→ RECORDED INFORMATION:
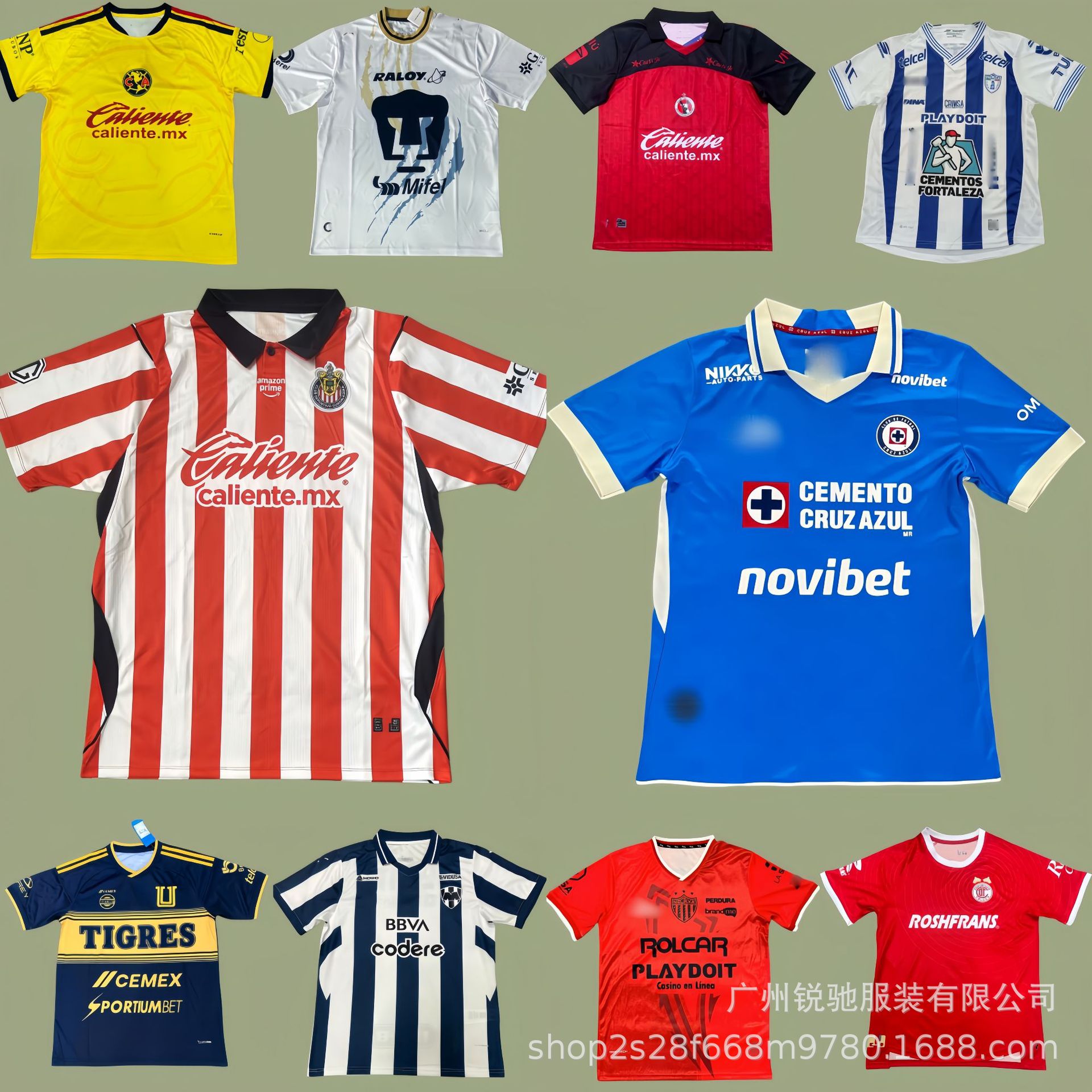 2627 Liga Mx Fan Blue Cross Chivas Pumas America Tigers Short-Sleeved Jersey Football Uniform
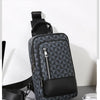 Men's Waterproof PU Leather Crossbody Bag with Geometric Pattern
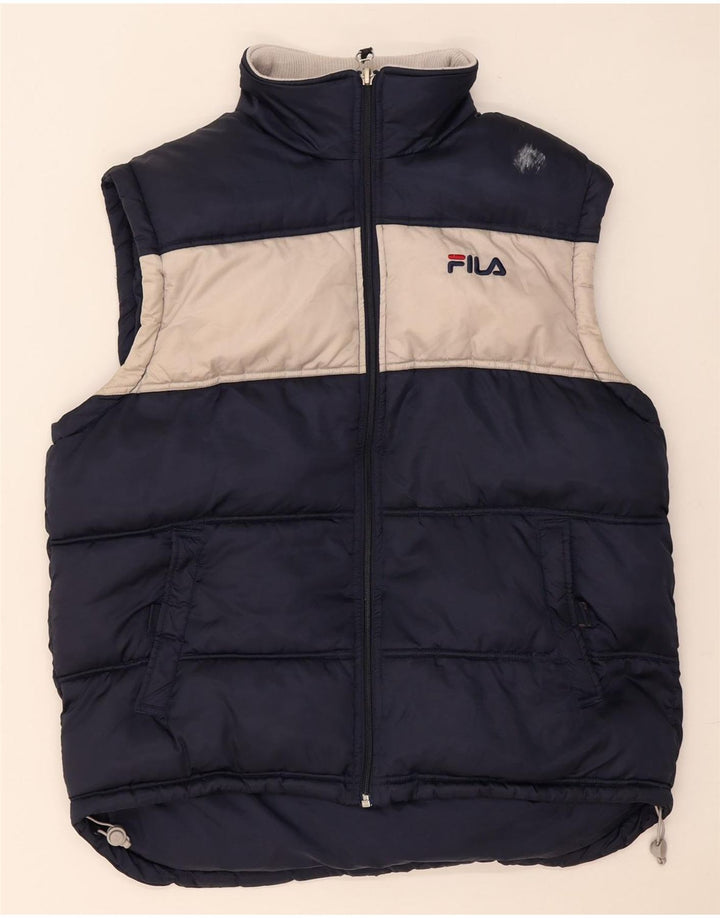 Fila Ανδρικό padded Gilet UK 38 Medium Navy Blue Colorblock Πολυαμίδιο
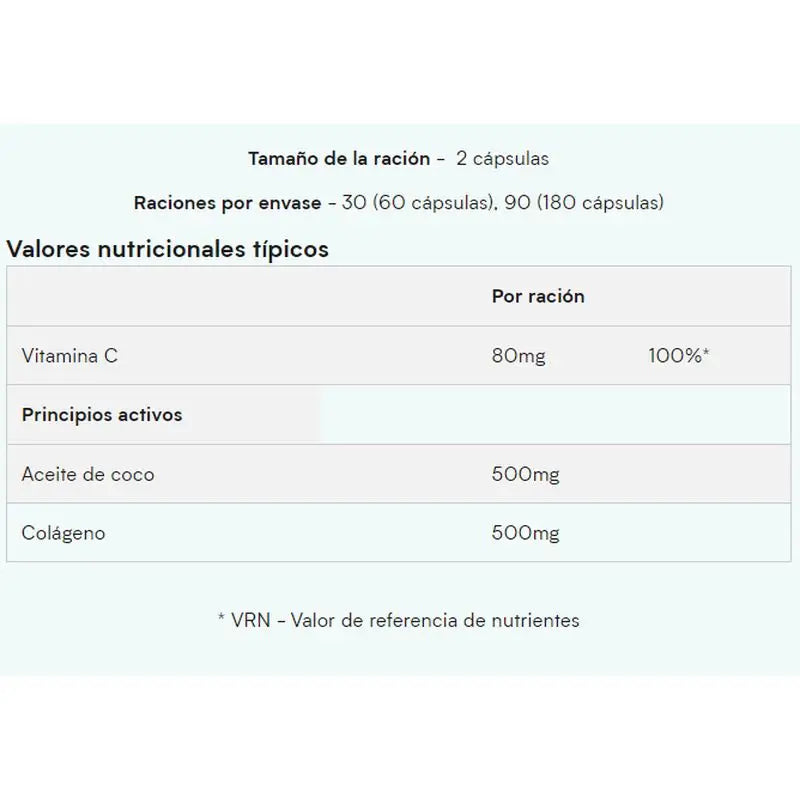 Myvitamins Coconut And Collagen, Unflavoured , 60 cápsulas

→ WHAT THIS TASK INVOLVES: Exactly the lines from the one containing "Fila Ανδρικό padded" through the end of the data above: repeat those, both ends included, and nothing else. Skip the pictures.

→ SOLUTION TO THE EXERCISE:
 Fila Ανδρικό padded Gilet UK 38 Medium Navy Blue Colorblock Πολυαμίδιο
 Myvitamins Coconut And Collagen, Unflavoured , 60 cápsulas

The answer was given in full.